Mi amigo Alberto es cazador en Zamora. Y no está muy contento con los resultados de esta media veda, donde un año más las codornices siguen sin dejarse ver demasiado, aunque ha disfrutado de buenos lances con su perro perdiguero. Para su sorpresa, algunos de los mejores sitios a donde acude todos los años han quedado carbonizados al haberse autorizado excepcionalmente la quema de rastrojos, y sólo es el comienzo de la temporada de la cerilla agrícola. Pero en el fondo le da lo mismo, porque su mujer no ha desplumado ni va a desplumar una sola pieza de las capturadas.
Como el resto de los cazadores de su cuadrilla, perdices, palomas, codornices y hasta conejos abatidos se han dejado pudriéndose en el campo, al albur de que cuervos o zorros den buena cuenta de sus restos.

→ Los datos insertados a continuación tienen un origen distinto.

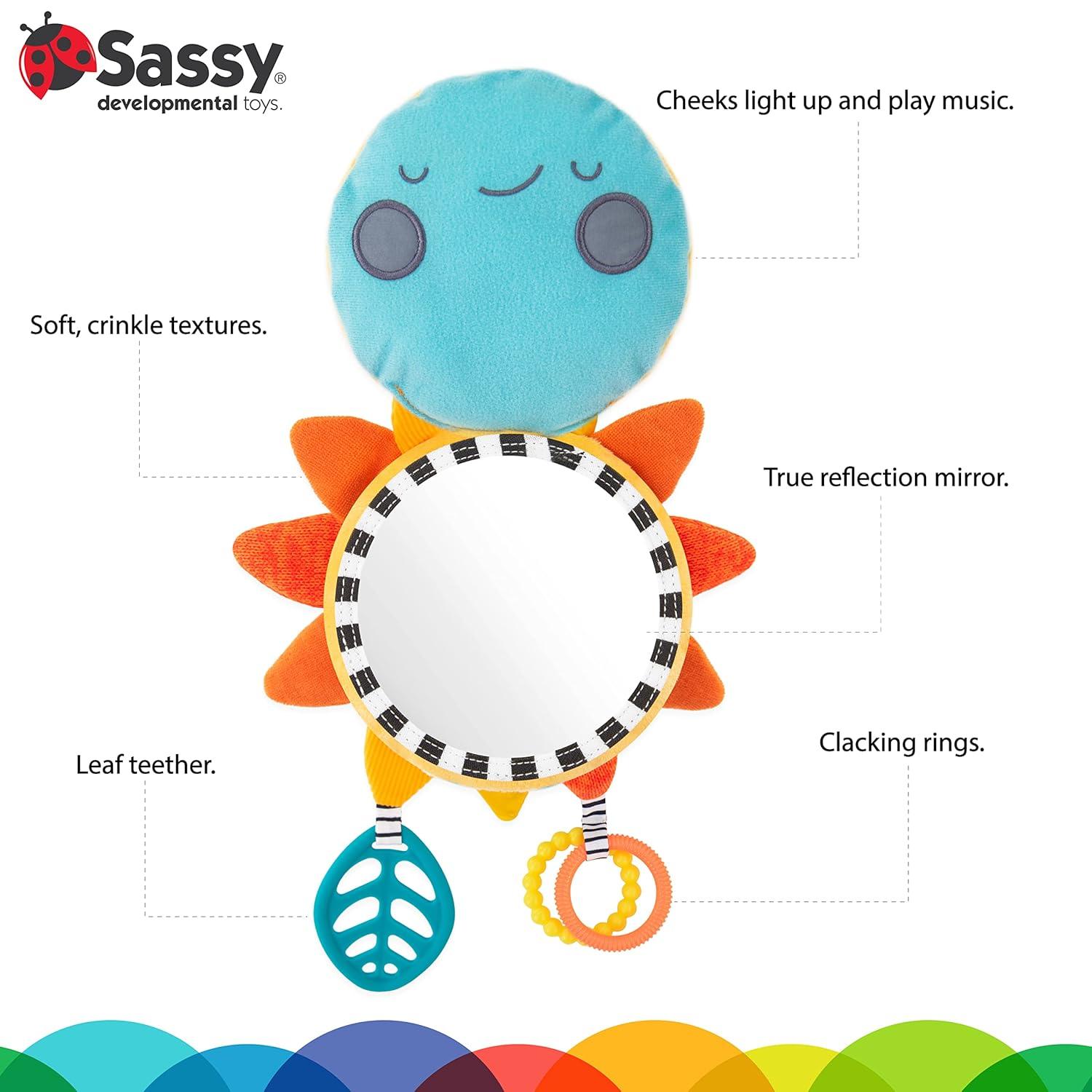 image:imageSassy My Little Sunshine Mirror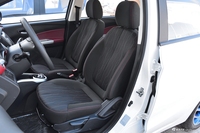 2018款奔奔EV260 标准型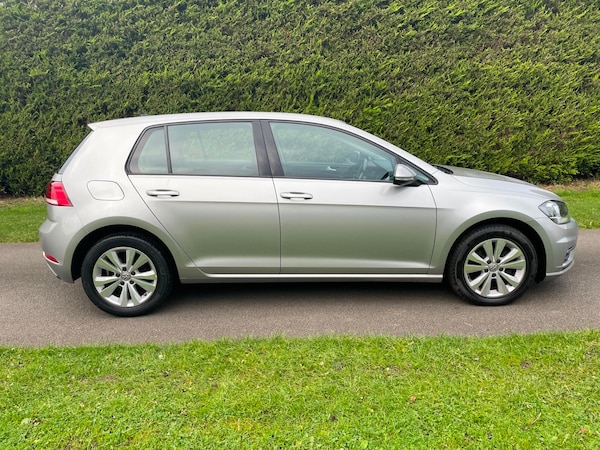 Used Volkswagen Golf 2017 for sale - 61543237: Photo 12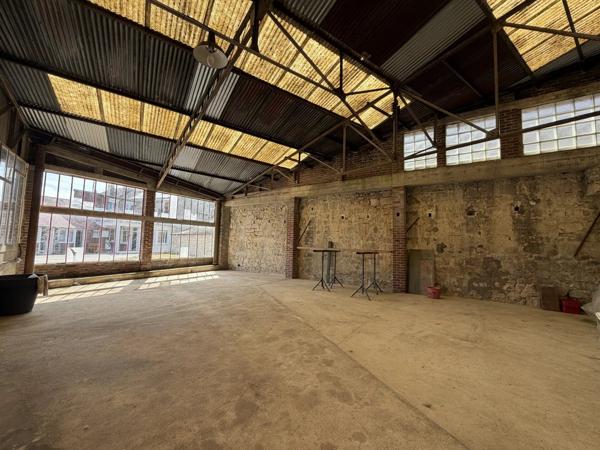 Vente                                                      Maison
                        
                     5 pièces                      204 m2                     à Villers-Cotterêts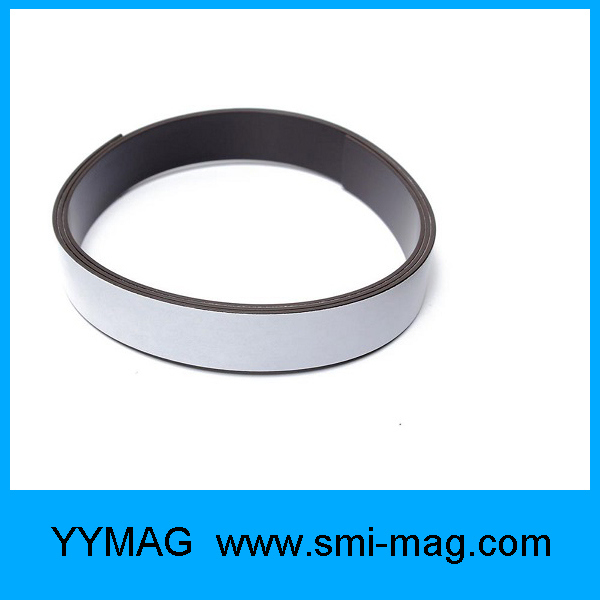 Strong Rubber Coated Pot Neodymium Magnet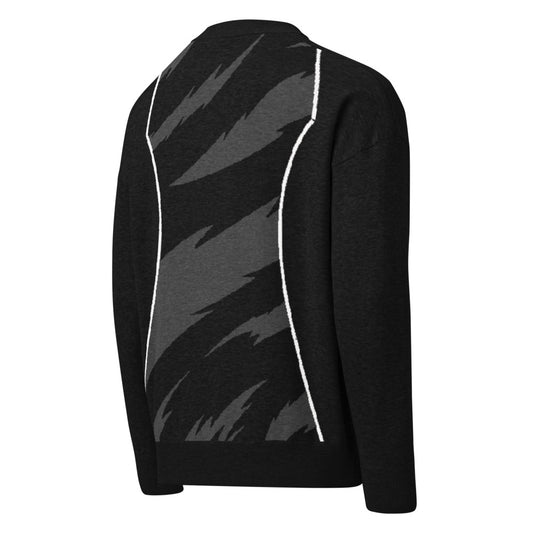 KNIT TIGER SWEATER V2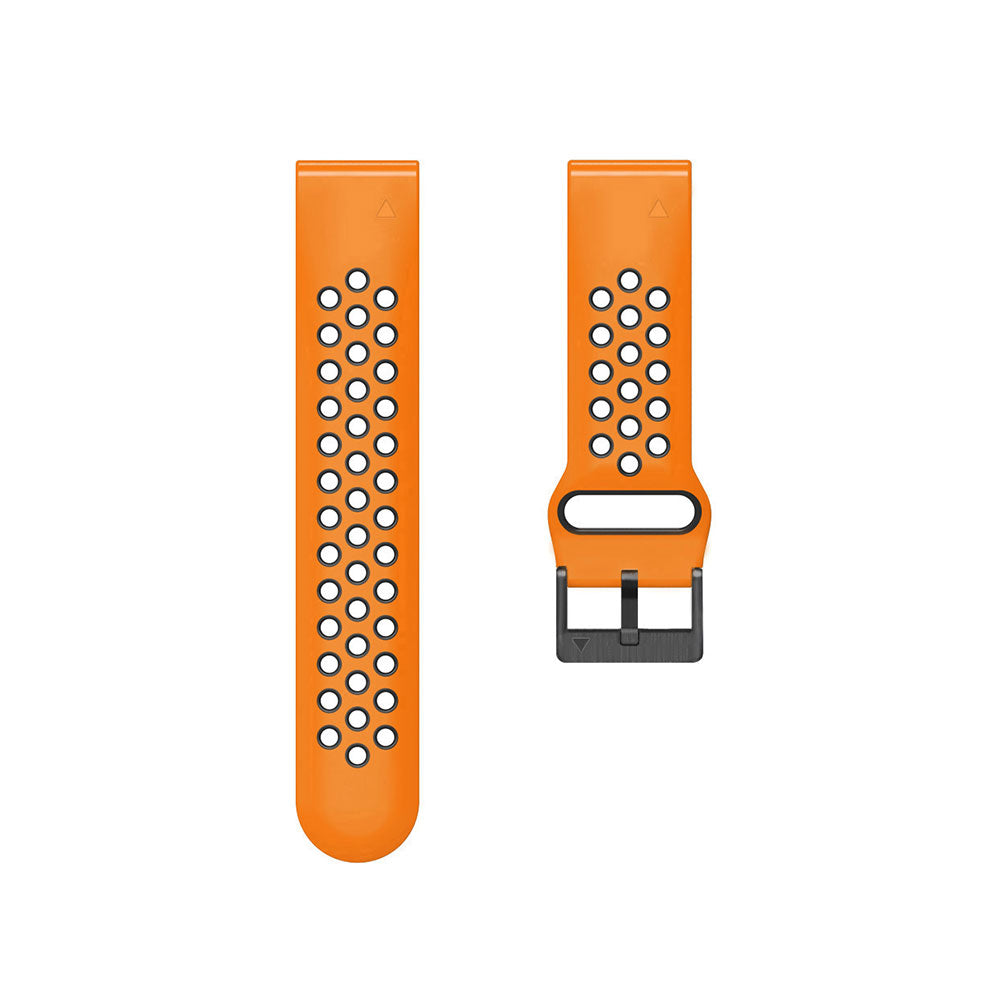 Quick-Fit armband | 26mm (Sport) - 3 färger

“Con esto de los topillos los agricultores han llenado todo de veneno y yo no pienso comerme nada de lo que cace”, justifica convencido. Y eso que sabe que las codornices que mata, por ser migradoras, pueden ser francesas, pero prefiere no arriesgarse. Porque también sabe de compañeros que han abierto el buche a una paloma recién cazada y se lo han encontrado repleto de granos de cebada de un extraño color rojo fosforito. Es el veneno anticoagulante masivamente repartido por la Junta de Castilla y León para intentar acabar con el topillo campesino. Dicen que no es del todo peligroso, pero vaya usted a saber.